INPUT DATA: Begin

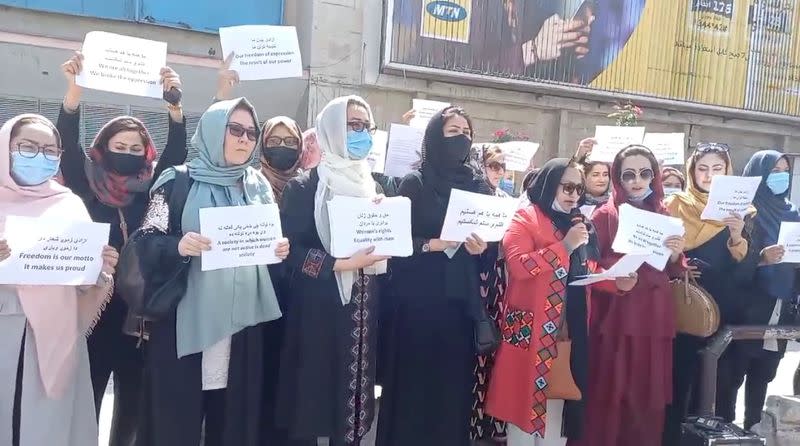 Women hold placards as they protest in Kabul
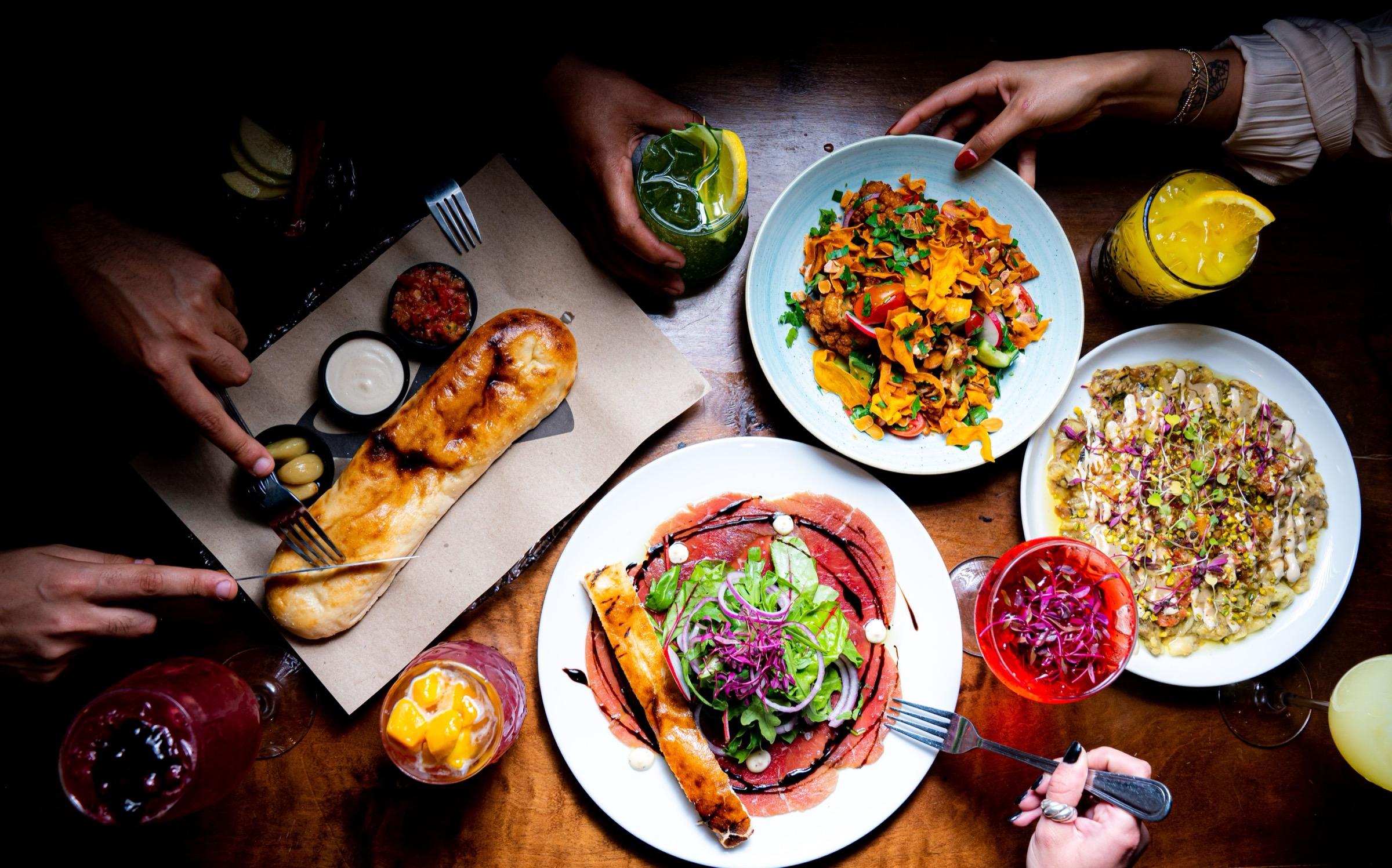 Shared plates, drinks, and bread on a table, representing flexible food tracking and calm calorie awareness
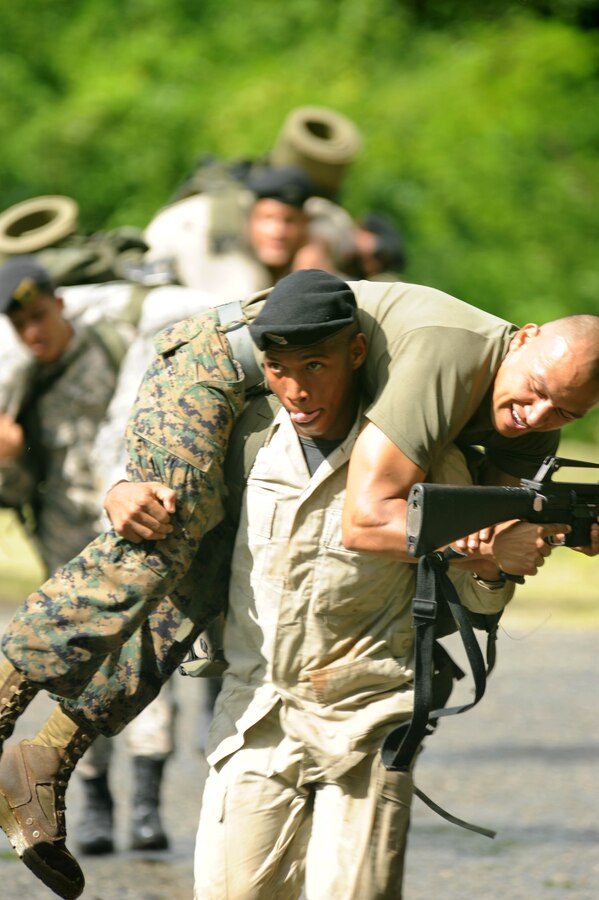 A Dominican Republic Marine carries Hospitalman 3rd Class Cpl. Jorge Juarez, assigned to the Marine detachment of High Speed Vessel (HSV 2) Swift, while practicing a fireman's carry.  The two Marine Corps are participating in a three week partnership as part of Southern Partnership Station (SPS) 2012. SPS is an annual deployment in the U.S. Southern Command's Area of Responsibility, partnering the Caribbean and Latin America.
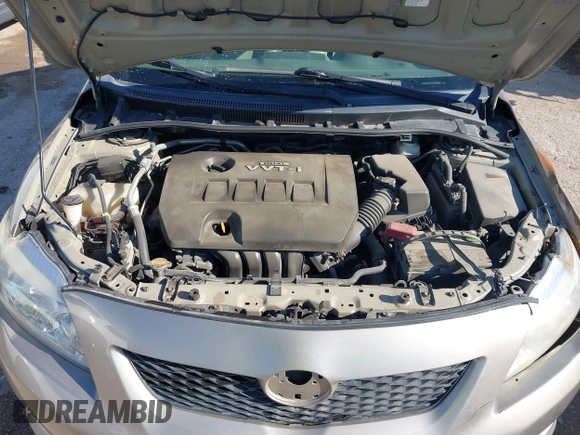 2009 Toyota Corolla with VIN 2T1BU40E59C163293, listed as a IAAI auction lot 41824986 with 123,954 mi miles. Bid and sale history available at carsss.com. Image 10.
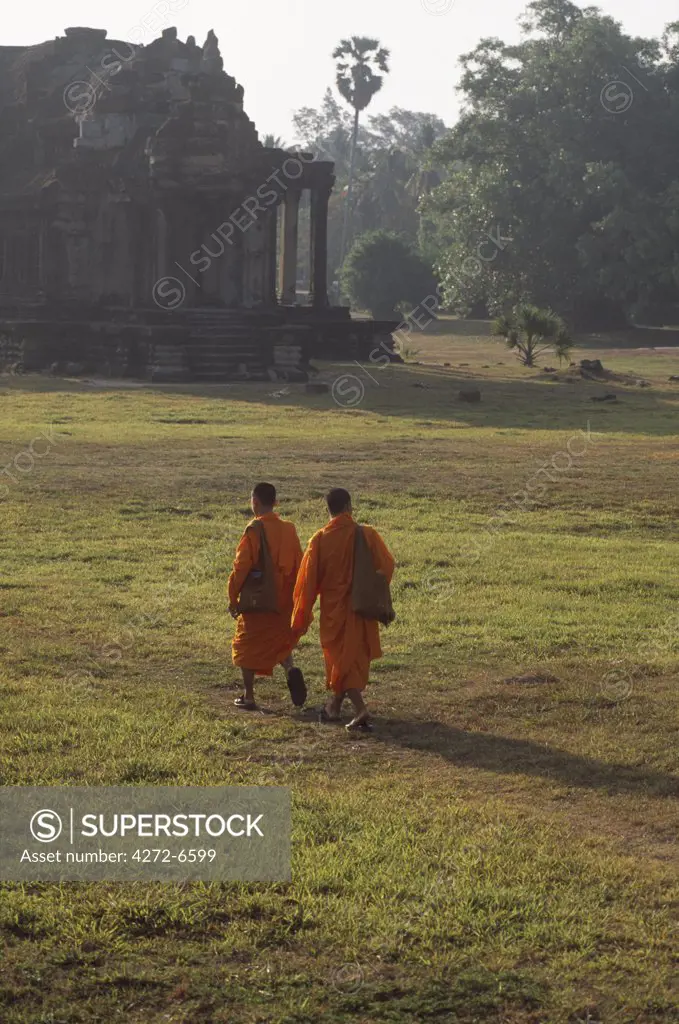 Buddhist priests in basin near Western entrance walking towards Central Sanctuary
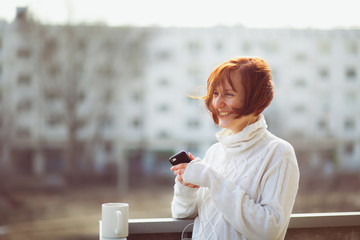 Young beautiful woman drinking tea on the balcony in a white sweater on a background of residential buildings. Still from the film.
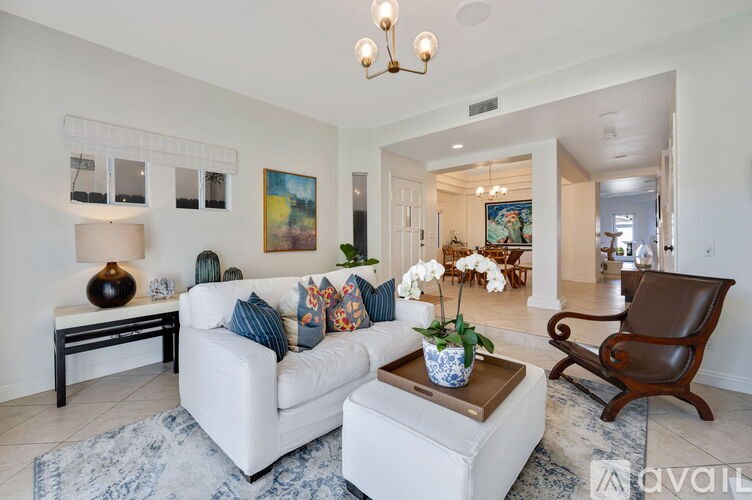 A living room with a white couch, a brown leather chair, and a chandelier.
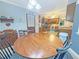 Cozy kitchen nook featuring a wood table and chairs with views of the backyard at 2251 Stag Run Run, Suwanee, GA 30024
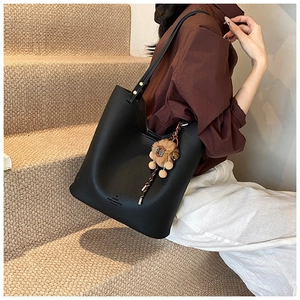 Close-up of black litchi grain leather bucket bag with cute lion plush charm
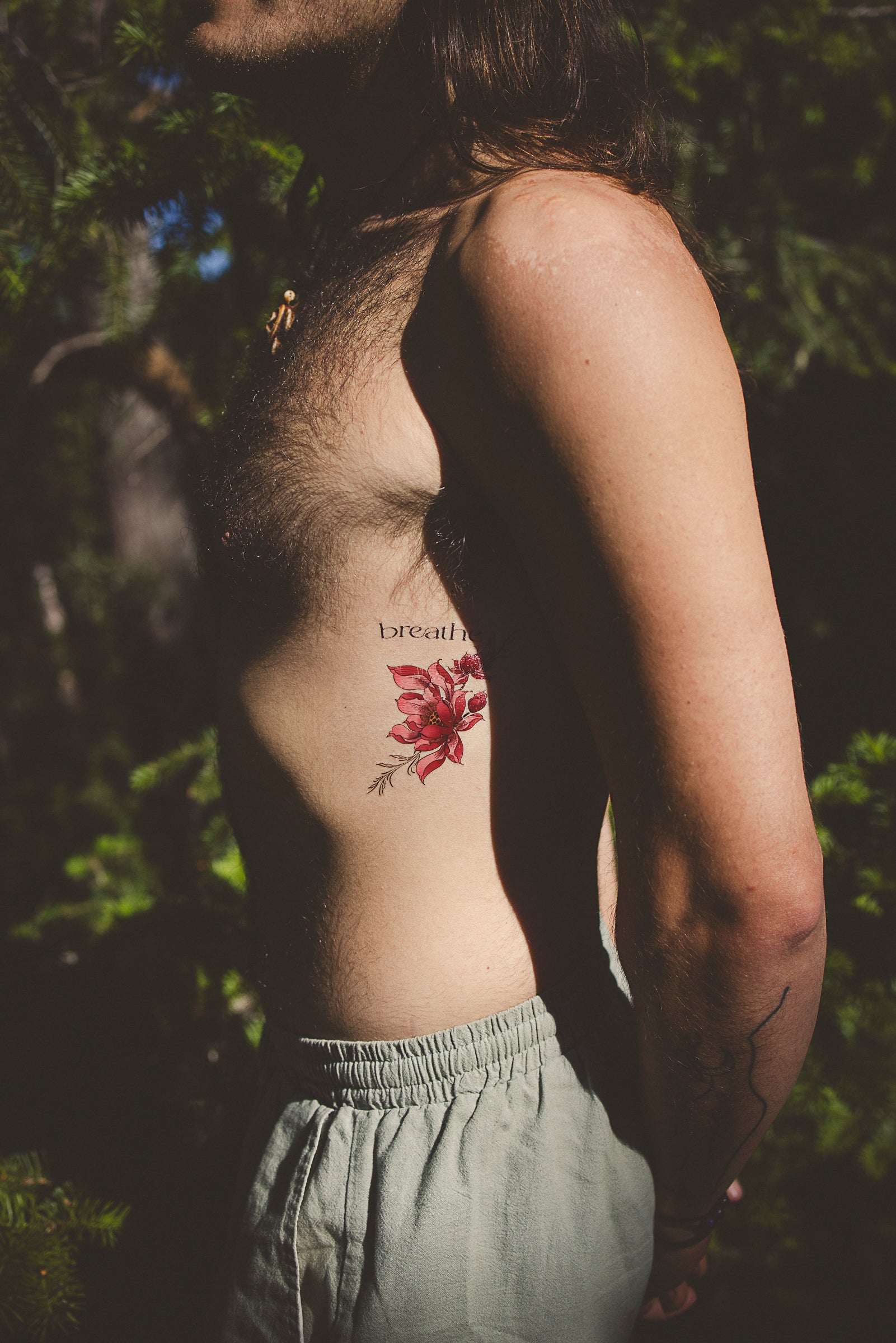 Close-up of "Breathe" temporary tattoo on hand, promoting presence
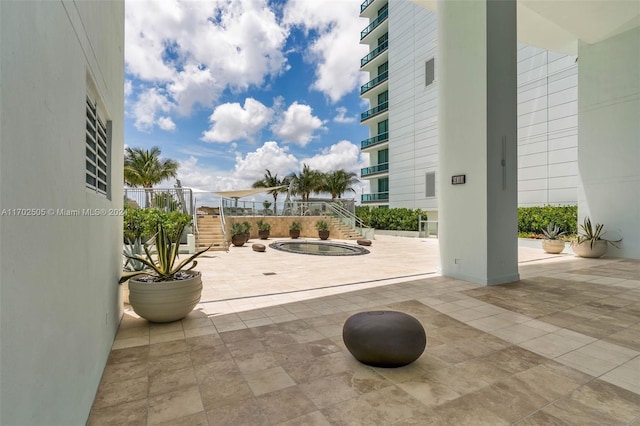 view of patio featuring a community hot tub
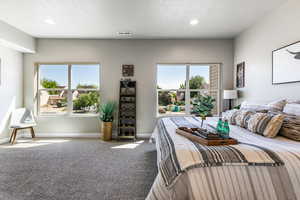Bedroom featuring carpet flooring and recessed lighting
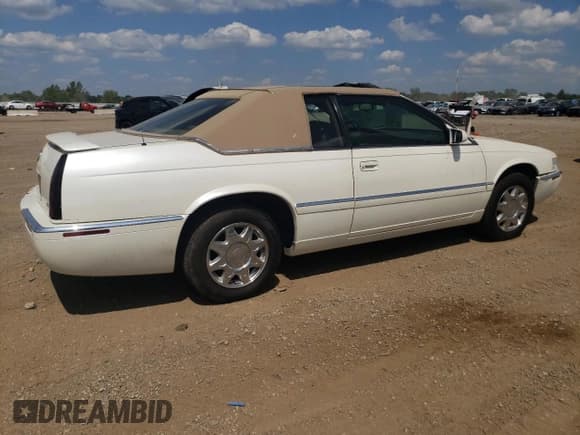 ✅ 1998 Cadillac Eldorado Touring • VIN: 1G6ET1298WU606293 • Lot: 68511745. Listed on Copart with 48,592 mi. Free auction sales archive from the USA and detailed vehicle history report at DreamBid. Image 3.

INPUT DATA: End

• **EXERCISE REQUIREMENTS**: Word for word, repeat the lines above from the one with "A Dominican Republic" through the one with "Buddhist priests in", and nothing beyond them. Omit the pictures.

• **EXERCISE OUTPUT**:
 A Dominican Republic Marine carries Hospitalman 3rd Class Cpl. Jorge Juarez, assigned to the Marine detachment of High Speed Vessel (HSV 2) Swift, while practicing a fireman's carry.  The two Marine Corps are participating in a three week partnership as part of Southern Partnership Station (SPS) 2012. SPS is an annual deployment in the U.S. Southern Command's Area of Responsibility, partnering the Caribbean and Latin America.
 2009 Toyota Corolla with VIN 2T1BU40E59C163293, listed as a IAAI auction lot 41824986 with 123,954 mi miles. Bid and sale history available at carsss.com. Image 10.
 Buddhist priests in basin near Western entrance walking towards Central Sanctuary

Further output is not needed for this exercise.